Given the quantity and complexity of the information generally collected by individual established studies and the heterogeneity of their designs and procedures, it is essential to have access to effective methods and tools to formally explore the potential to generate high-quality synthesized databases. Such tools need to provide comprehensive information on: (i) the specific variables that could be shared; (ii) the studies that could participate in targeted analysis; and (iii) the factors that could influence the potential to integrate information. The DataSchema and Harmonization Platform for Epidemiological Research (DataSHaPER; www.datashaper.org) may be used to provides such information.7 It includes two primary components. The DataSchema8 documents and annotates sets of core variables, which each provides a concise but effective list of information to be harmonized in a specific scientific context. The Harmonization Platform then provides a template for the formal estimation of the potential to synthesize information across networks of studies. In collaboration with other Public Population Project in Genomics (P3G) partner teams9–12 and projects,13,14 developments are currently ongoing to build a suite of tools supporting all steps of individual data harmonization, synthesis and analysis.
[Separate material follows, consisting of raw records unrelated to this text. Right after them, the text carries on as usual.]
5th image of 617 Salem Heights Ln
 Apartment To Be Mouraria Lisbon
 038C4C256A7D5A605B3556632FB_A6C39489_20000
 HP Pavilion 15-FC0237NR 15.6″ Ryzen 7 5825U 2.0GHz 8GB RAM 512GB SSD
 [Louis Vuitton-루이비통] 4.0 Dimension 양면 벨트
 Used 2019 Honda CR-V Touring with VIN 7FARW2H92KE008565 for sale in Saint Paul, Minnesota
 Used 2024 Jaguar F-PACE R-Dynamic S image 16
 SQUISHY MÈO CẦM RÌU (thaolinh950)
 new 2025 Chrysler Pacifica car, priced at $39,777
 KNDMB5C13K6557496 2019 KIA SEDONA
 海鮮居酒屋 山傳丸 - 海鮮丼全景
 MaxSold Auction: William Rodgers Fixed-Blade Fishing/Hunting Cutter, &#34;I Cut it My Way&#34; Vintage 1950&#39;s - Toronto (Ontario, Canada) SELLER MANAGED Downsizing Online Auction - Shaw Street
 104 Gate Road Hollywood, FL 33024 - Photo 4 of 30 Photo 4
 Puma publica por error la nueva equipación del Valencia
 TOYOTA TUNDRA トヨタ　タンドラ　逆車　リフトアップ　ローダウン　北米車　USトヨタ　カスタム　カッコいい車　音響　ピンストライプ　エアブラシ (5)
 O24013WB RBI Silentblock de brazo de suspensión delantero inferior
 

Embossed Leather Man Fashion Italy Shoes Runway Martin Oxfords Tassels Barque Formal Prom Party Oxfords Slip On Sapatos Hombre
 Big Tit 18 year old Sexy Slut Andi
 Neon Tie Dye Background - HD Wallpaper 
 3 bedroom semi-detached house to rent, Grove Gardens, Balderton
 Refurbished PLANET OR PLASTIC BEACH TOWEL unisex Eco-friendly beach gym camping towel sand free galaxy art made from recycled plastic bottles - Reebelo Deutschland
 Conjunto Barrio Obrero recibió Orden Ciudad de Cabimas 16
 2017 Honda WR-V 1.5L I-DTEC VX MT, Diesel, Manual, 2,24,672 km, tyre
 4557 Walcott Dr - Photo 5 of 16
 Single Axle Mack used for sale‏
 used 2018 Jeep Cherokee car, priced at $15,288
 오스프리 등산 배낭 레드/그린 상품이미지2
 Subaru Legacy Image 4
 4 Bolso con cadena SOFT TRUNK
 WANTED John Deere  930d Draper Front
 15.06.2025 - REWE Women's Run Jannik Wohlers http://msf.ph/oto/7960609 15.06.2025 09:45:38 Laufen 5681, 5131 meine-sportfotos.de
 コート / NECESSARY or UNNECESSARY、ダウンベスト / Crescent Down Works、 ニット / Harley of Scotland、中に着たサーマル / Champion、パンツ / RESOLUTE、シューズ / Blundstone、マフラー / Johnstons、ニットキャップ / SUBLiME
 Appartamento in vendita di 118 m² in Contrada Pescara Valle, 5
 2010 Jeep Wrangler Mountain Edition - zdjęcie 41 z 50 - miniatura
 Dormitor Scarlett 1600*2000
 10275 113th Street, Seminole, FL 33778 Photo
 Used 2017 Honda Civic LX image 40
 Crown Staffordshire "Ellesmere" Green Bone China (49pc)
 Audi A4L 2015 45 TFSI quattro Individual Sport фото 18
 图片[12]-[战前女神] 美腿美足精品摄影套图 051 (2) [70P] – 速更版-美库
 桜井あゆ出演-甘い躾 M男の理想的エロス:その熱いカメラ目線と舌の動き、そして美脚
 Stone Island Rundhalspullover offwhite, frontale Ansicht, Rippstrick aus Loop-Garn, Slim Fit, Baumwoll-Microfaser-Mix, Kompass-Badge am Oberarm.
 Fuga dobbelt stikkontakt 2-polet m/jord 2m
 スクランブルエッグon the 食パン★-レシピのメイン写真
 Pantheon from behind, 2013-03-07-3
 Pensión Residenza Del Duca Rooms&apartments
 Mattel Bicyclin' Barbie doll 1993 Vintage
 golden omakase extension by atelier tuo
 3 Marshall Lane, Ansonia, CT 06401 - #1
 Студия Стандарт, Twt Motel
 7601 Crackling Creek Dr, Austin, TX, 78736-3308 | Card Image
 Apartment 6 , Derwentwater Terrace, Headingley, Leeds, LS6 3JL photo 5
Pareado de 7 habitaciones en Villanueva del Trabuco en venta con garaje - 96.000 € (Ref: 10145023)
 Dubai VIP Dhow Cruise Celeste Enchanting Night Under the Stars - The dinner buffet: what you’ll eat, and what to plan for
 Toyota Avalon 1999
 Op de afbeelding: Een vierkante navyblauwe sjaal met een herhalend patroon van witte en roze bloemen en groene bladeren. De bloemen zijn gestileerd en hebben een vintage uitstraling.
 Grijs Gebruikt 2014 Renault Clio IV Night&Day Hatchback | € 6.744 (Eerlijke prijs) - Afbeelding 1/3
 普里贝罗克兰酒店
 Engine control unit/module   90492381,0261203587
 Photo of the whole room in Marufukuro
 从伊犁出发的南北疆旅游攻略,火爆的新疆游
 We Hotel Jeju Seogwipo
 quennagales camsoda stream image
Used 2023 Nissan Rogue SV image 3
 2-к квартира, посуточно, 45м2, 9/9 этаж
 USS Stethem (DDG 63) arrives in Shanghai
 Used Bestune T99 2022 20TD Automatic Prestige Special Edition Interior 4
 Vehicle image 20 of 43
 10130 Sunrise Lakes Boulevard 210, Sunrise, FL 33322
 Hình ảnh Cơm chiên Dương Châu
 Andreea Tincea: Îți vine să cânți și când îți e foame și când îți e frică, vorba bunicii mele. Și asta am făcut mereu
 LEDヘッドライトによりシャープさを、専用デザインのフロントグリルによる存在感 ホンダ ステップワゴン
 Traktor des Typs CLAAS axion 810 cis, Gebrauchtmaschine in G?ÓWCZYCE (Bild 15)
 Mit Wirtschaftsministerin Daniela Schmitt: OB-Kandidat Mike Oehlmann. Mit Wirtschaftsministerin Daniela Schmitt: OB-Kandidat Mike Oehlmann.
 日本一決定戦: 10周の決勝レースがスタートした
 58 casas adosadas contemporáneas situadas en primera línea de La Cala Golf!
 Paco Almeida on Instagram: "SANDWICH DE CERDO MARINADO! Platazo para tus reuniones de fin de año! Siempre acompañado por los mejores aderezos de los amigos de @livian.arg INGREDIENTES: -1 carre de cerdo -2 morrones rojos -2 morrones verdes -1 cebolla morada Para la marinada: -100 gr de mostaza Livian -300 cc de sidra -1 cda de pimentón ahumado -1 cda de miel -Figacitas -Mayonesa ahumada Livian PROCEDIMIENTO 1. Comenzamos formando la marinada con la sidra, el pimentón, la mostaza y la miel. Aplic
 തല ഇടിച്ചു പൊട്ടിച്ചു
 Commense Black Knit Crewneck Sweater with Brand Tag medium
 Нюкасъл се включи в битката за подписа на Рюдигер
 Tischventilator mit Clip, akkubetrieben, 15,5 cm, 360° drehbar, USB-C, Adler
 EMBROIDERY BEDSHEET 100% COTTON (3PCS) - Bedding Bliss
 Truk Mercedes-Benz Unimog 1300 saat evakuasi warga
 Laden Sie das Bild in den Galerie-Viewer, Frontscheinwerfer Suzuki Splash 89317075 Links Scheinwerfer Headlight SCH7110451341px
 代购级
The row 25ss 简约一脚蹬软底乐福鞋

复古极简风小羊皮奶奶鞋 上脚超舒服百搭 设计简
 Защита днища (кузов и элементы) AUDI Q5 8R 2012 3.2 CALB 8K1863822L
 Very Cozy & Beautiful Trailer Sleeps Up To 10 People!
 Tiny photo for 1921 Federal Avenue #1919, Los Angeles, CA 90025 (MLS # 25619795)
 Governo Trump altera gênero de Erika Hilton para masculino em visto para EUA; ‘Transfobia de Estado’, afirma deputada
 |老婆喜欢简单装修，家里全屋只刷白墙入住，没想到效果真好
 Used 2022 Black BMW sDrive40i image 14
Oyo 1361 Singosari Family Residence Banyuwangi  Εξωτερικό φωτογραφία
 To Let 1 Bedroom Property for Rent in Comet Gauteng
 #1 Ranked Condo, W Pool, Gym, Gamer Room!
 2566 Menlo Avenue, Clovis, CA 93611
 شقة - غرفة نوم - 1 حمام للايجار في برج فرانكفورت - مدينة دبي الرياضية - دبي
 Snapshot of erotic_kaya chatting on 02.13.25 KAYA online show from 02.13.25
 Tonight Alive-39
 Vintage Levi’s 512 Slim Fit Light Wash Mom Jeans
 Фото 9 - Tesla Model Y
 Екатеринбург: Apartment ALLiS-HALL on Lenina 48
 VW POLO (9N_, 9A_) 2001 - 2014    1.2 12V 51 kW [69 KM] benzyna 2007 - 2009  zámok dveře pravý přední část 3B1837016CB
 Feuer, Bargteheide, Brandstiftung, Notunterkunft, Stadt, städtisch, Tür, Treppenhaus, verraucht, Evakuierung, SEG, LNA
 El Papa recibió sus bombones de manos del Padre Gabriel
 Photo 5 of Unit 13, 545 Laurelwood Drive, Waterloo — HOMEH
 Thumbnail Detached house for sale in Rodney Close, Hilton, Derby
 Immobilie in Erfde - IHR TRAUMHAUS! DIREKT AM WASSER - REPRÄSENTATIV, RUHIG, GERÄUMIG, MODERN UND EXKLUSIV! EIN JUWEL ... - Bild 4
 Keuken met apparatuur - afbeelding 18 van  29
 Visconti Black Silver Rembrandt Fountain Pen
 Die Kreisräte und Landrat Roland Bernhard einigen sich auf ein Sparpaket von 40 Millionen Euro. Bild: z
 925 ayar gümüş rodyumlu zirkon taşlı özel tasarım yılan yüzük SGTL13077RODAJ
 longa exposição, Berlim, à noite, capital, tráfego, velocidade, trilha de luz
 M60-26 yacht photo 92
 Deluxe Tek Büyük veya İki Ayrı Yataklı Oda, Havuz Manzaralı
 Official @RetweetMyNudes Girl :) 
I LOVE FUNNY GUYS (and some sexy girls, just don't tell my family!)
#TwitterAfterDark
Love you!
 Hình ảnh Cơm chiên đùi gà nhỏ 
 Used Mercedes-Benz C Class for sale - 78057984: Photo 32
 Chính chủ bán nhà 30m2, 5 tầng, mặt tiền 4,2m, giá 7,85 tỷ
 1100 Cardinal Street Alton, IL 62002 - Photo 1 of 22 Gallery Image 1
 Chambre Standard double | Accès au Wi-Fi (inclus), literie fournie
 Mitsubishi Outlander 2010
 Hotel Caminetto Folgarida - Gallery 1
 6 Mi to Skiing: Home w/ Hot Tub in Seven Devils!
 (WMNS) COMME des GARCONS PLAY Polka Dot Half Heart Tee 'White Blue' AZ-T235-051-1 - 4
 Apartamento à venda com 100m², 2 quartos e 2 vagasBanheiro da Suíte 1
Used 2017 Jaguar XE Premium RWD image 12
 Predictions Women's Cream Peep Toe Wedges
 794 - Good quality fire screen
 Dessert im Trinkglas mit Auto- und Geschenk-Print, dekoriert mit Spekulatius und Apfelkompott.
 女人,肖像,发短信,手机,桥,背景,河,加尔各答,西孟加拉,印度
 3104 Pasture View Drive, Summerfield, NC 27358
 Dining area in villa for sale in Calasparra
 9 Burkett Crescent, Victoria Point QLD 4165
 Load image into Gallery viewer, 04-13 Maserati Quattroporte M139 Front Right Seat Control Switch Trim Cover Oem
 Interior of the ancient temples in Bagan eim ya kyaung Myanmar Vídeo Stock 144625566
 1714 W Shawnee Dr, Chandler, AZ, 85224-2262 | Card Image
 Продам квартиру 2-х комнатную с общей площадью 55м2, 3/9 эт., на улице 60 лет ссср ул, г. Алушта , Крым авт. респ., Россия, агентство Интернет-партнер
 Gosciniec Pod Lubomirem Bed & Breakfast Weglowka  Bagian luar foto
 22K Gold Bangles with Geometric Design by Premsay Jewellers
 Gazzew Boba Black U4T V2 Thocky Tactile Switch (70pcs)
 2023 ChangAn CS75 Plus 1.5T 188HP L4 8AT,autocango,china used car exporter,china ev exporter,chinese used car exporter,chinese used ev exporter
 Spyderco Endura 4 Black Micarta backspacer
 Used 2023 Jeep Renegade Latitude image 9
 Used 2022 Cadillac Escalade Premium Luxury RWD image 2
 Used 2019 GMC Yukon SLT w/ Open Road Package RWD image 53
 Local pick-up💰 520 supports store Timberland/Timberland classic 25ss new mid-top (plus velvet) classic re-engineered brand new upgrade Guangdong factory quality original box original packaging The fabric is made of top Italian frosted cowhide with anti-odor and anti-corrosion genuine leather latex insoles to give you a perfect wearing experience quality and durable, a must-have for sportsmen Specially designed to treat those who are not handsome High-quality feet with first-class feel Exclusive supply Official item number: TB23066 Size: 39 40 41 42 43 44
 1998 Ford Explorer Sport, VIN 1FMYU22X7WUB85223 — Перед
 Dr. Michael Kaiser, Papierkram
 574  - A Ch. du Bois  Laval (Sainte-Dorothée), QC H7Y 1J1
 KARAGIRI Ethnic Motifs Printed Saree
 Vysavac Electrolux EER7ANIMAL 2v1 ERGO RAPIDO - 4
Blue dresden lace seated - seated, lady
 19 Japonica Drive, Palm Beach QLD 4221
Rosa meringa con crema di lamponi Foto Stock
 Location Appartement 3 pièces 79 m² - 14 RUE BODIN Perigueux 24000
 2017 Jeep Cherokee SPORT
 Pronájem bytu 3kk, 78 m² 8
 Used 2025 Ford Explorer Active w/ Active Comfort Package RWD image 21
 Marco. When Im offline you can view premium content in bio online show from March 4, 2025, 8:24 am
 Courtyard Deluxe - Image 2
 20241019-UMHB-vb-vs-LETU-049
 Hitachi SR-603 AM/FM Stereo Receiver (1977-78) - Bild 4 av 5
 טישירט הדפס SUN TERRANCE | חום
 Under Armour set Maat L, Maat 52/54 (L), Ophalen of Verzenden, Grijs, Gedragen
The current article evaluates the value of the DataSHaPER as a foundation for retrospective harmonization. It focuses on the Generic DataSchema that is composed of variables aimed at supporting the construction of general purpose baseline questionnaires and physical measures for use in large population-based studies enrolling adult participants.7 The specific aim of the article is to investigate and quantify the potential for harmonizing variables that make up the Generic DataSchema questionnaires and physical measures modules7 across more than 50 of the world’s largest population-based studies. The article also investigates factors that might influence the potential for harmonization, particularly the basic study design and nature of individual variables, as well as evaluating the utility of the Generic DataSchema as a platform for harmonization of existing databases. The article will help guide future development of the DataSHaPER project.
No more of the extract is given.